Activity: Please return, exactly and only, the lines beginning at the top of the entries below and ending with the line containing "Jak idealnie upiec"; keep out the pictures.

-------------------------

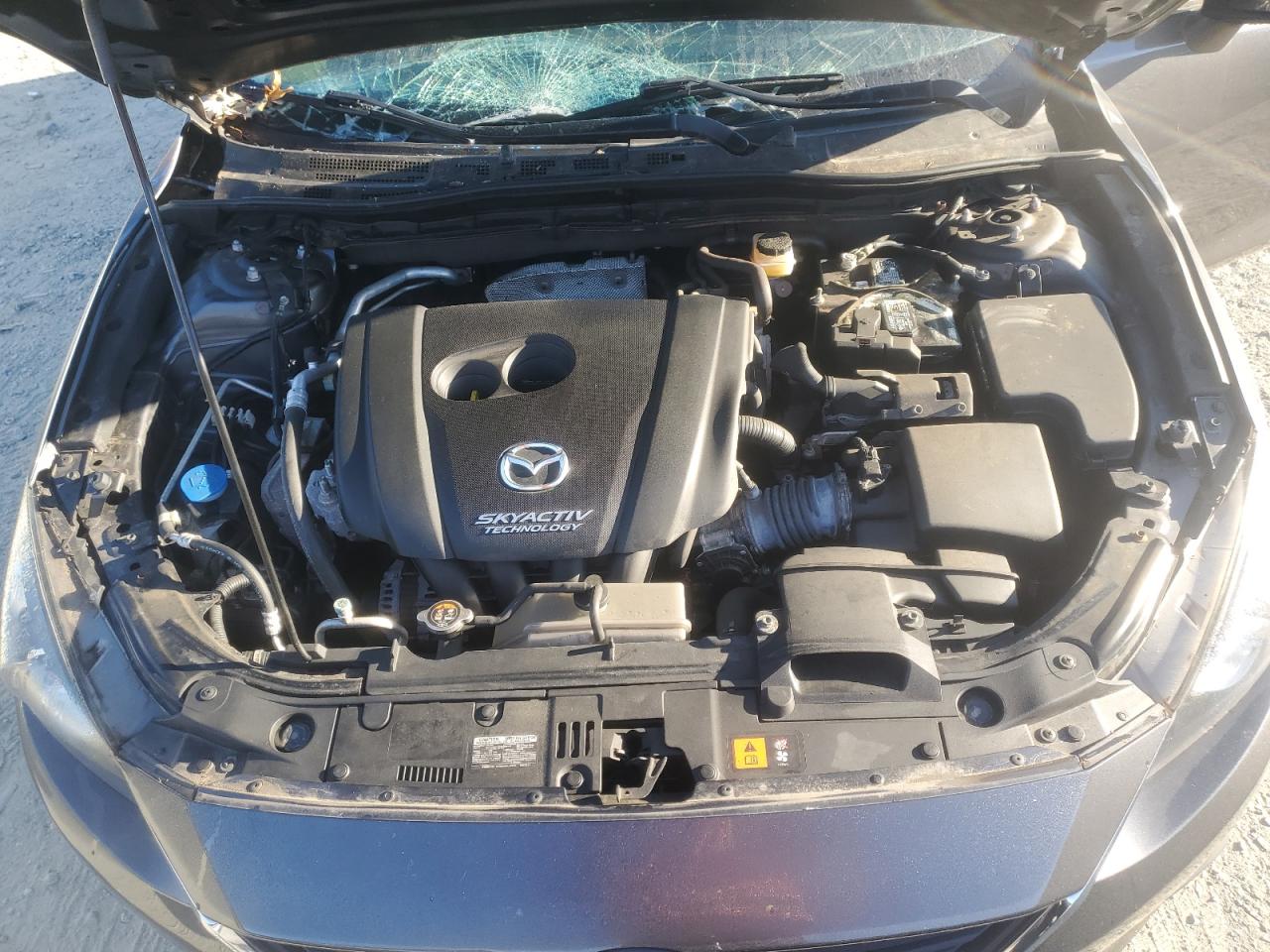 2014 Mazda 3 Sport VIN: JM1BM1U70E1168538 Lot: 84552145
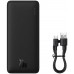 Портативный аккумулятор - универсальная батарея Baseus Airpow 30000mAh 20W (PPQD090101) черный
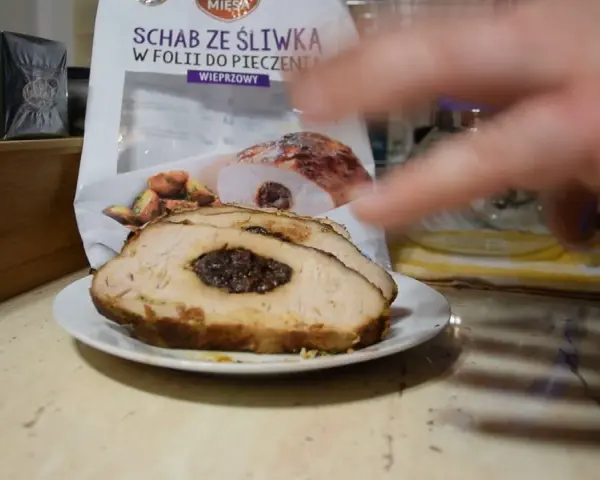 Jak idealnie upiec schab ze śliwką Biedronka - czas i temperatura
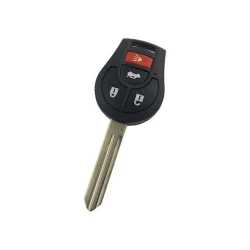 Чехол для дистанционного ключа для Nissan, 4-кнопочный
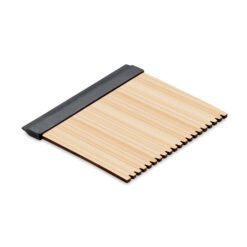 IJskrabber bamboe beige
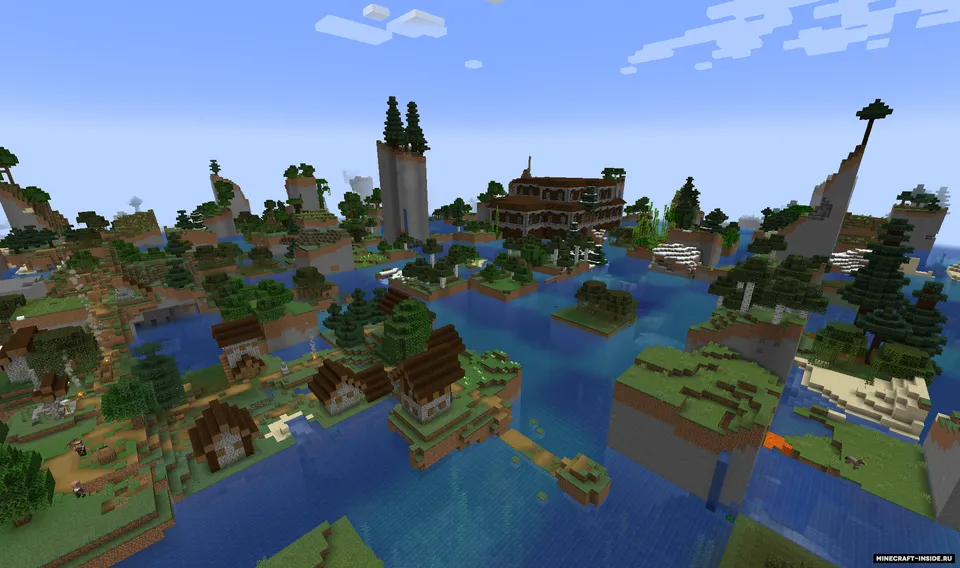 Random Chunks — Minecraft mod, rasm 4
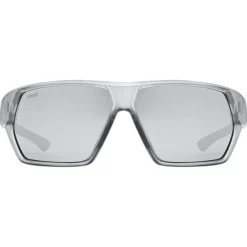 Uvex sportstyle 238 Bril - smoke matt/mirror silver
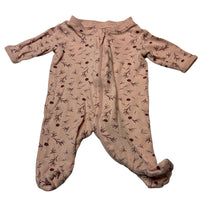 Load image into Gallery viewer, Girls Anko, cotton zip coverall / romper, GUC, size 00000,  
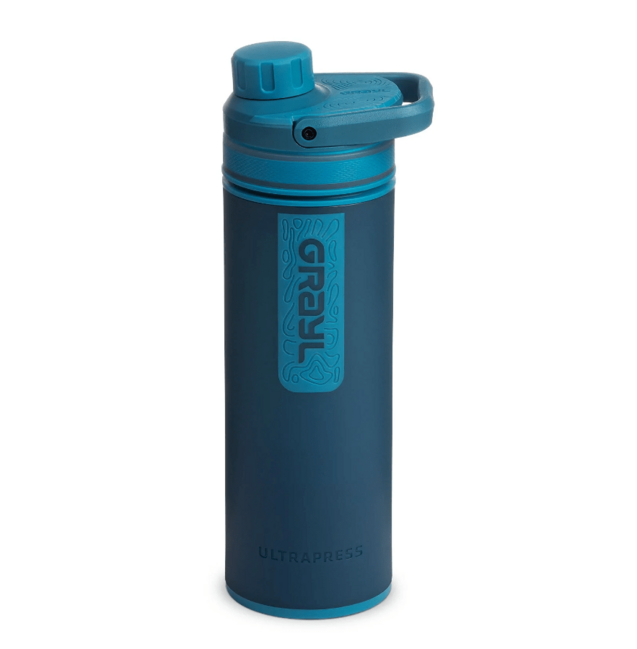 GRAYL UltraPress filtracijska boca 500 ml, Forest Blue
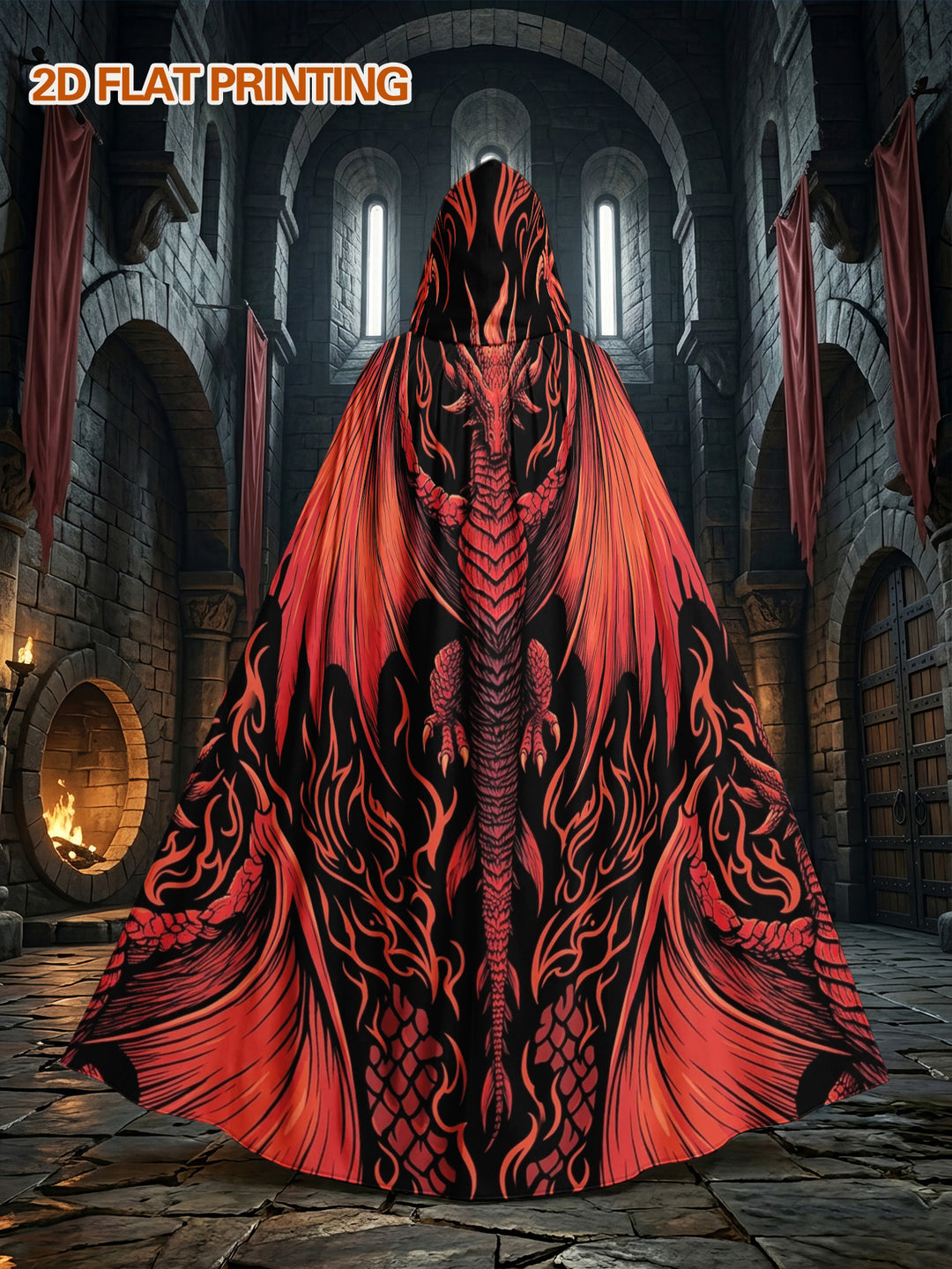 Pascale | Robe costume pour Halloween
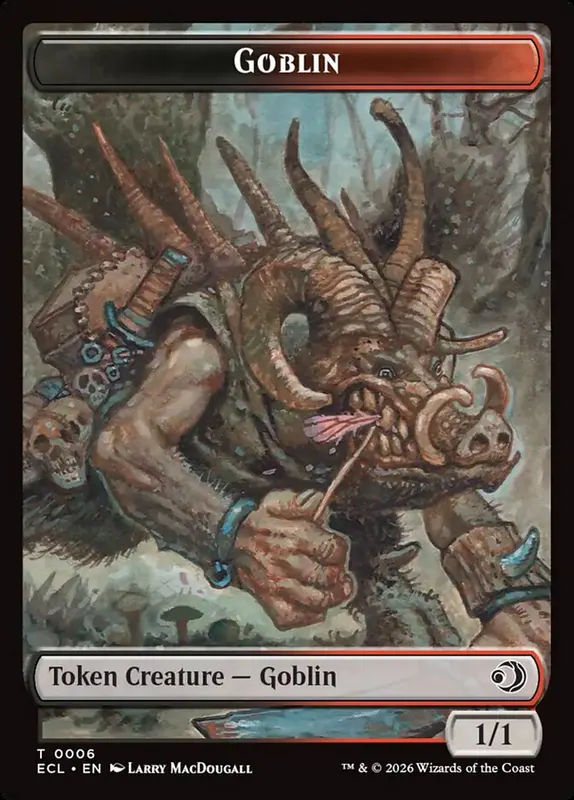 Goblin [Lorwyn Eclipsed Tokens]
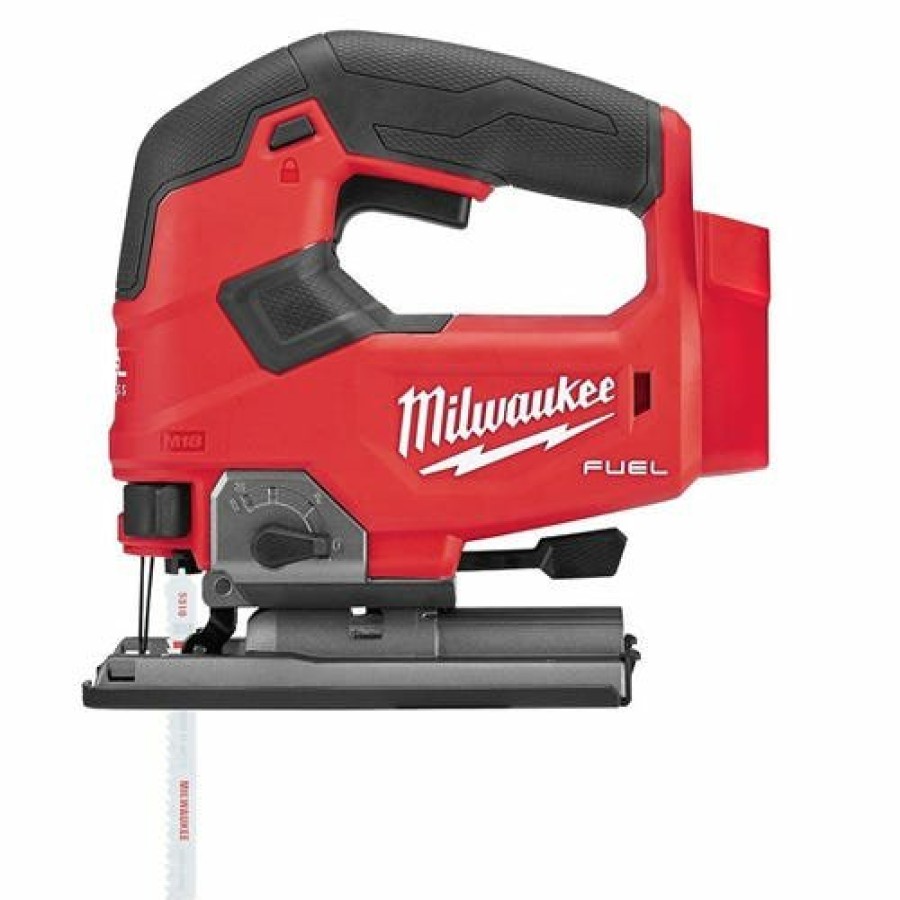 Power Tools Milwaukee Tools | Milwaukee M18 Fuel D-Handle Jig Saw (Tool Only) 2737-20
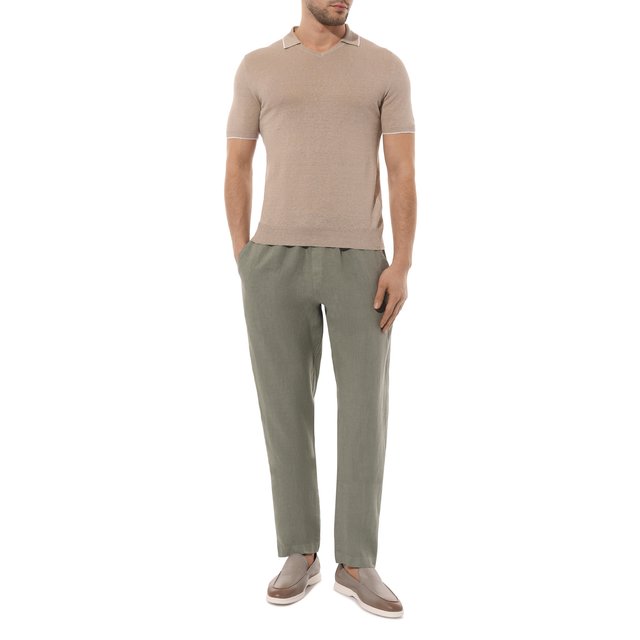 фото Льняные брюки fedeli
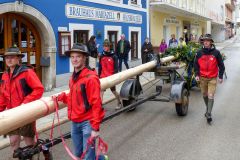 Maibaumaufstellen 2022 - Foto: Mariazell Online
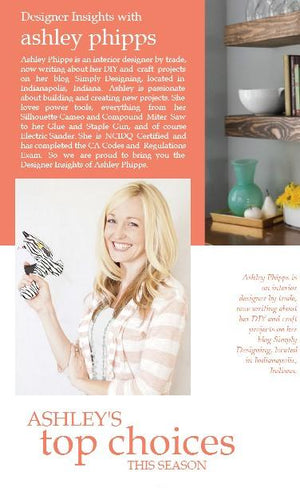 Designer insights with Ashley Phipps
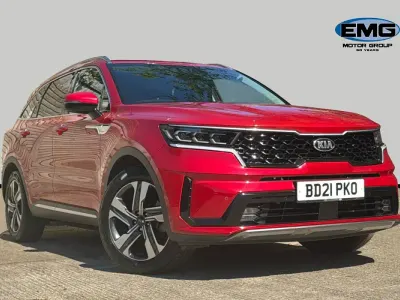 Usado Kia Sorento 230 CV (169 kW) 2021 Rojo SUV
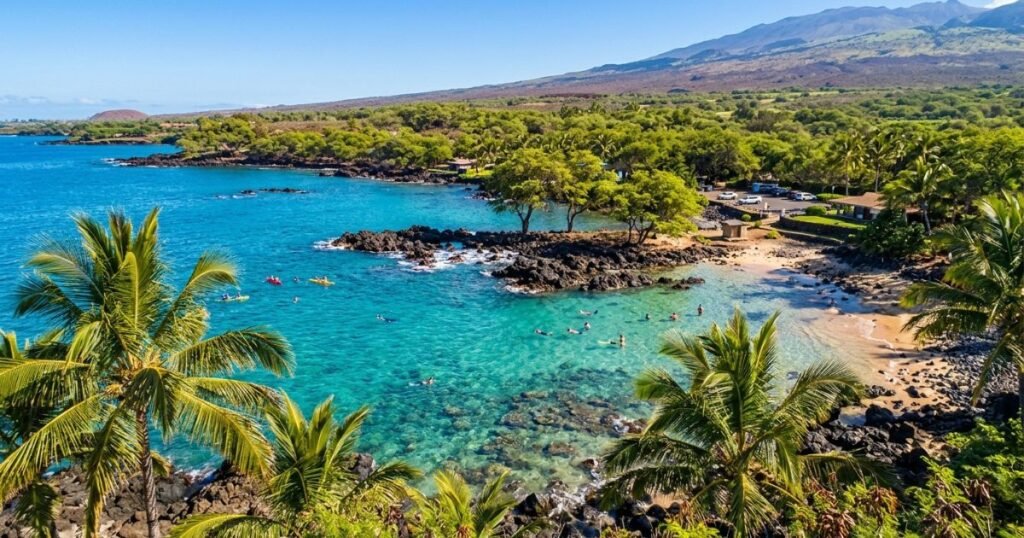 Makena Landing Park Maui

-------------------------

Exercise result:
 2014 Mazda 3 Sport VIN: JM1BM1U70E1168538 Lot: 84552145
 Портативный аккумулятор - универсальная батарея Baseus Airpow 30000mAh 20W (PPQD090101) черный
 Jak idealnie upiec schab ze śliwką Biedronka - czas i temperatura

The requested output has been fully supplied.